> **Prompt**
Restate word for word the lines below that run from the one holding "DUBBO - Mens" through the one holding "Unisex pastel heart", inclusive. Pictures don't belong in the copy.

> **Extracted information**

· · · · · · ·

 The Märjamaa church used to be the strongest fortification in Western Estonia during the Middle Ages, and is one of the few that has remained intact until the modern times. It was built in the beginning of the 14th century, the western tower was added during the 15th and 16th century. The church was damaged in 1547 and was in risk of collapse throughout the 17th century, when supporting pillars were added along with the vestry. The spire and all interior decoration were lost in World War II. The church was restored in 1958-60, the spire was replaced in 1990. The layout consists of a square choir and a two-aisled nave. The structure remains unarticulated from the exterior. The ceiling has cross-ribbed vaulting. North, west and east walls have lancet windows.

· · · · · · ·

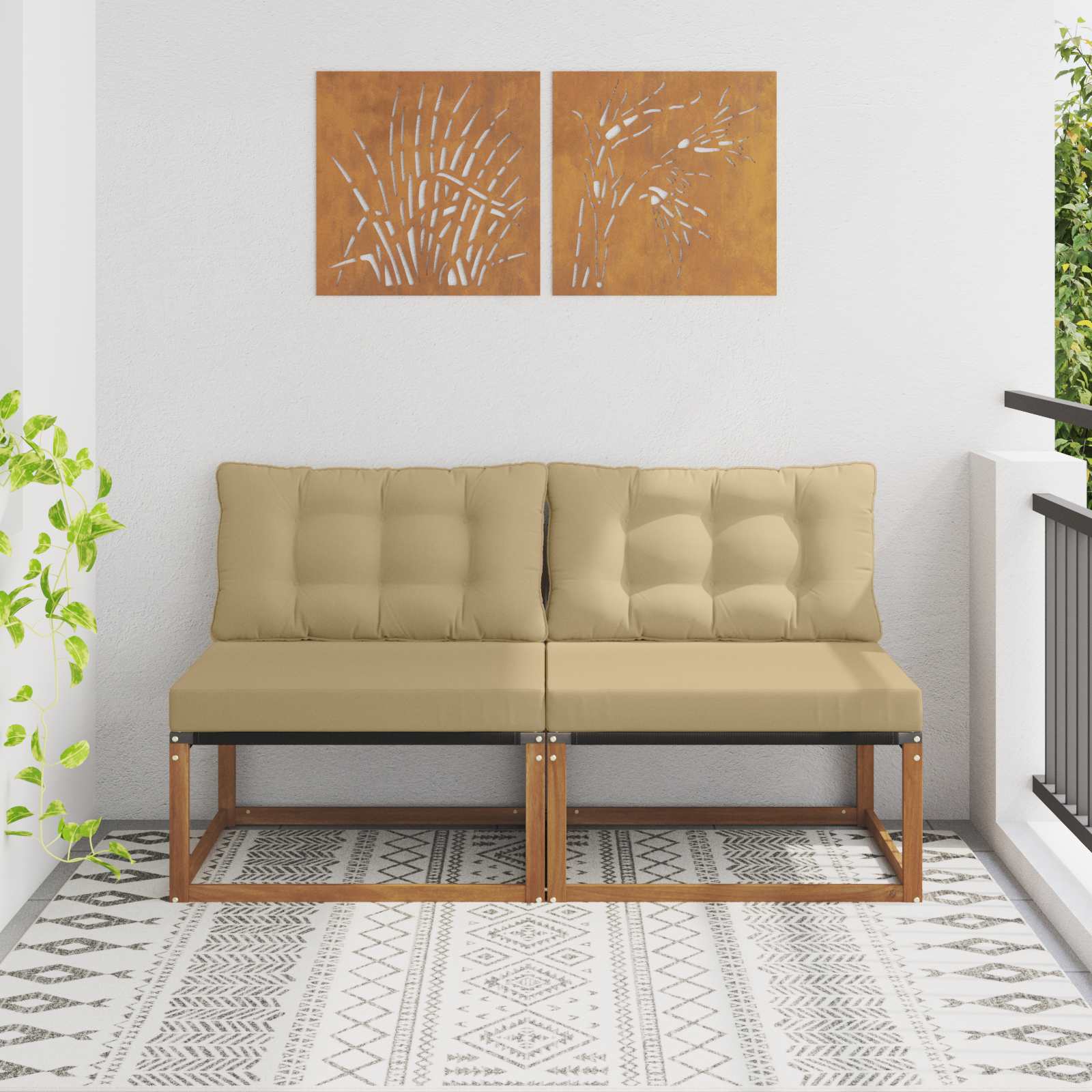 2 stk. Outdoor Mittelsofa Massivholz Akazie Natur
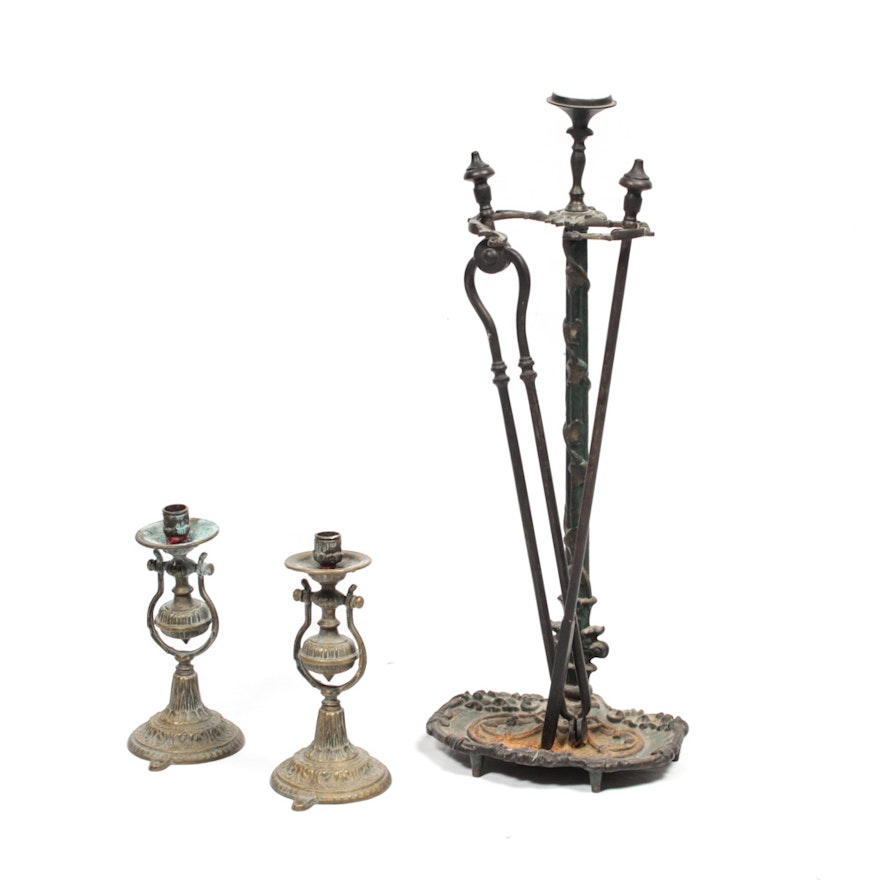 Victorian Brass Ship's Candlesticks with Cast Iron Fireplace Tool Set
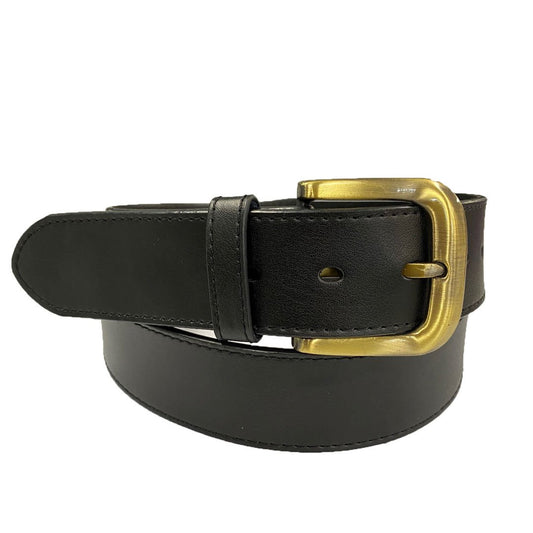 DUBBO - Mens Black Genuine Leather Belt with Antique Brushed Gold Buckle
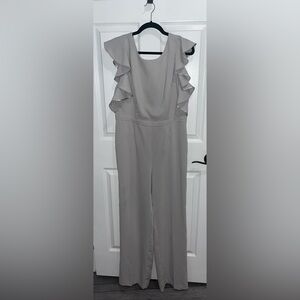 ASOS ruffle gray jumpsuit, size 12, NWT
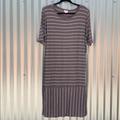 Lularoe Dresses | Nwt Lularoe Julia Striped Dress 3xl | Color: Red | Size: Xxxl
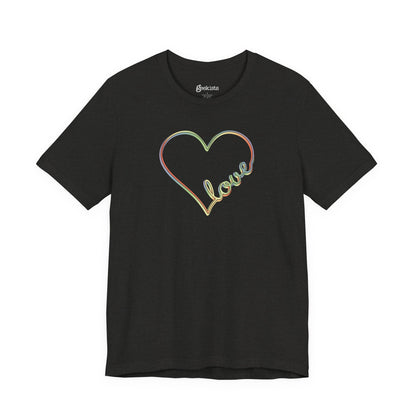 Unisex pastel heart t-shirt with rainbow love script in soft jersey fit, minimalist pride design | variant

· · · · · · ·

> **Result for this task**
 DUBBO - Mens Black Genuine Leather Belt with Antique Brushed Gold Buckle
 ASOS ruffle gray jumpsuit, size 12, NWT
 Lularoe Dresses | Nwt Lularoe Julia Striped Dress 3xl | Color: Red | Size: Xxxl
 Unisex pastel heart t-shirt with rainbow love script in soft jersey fit, minimalist pride design | variant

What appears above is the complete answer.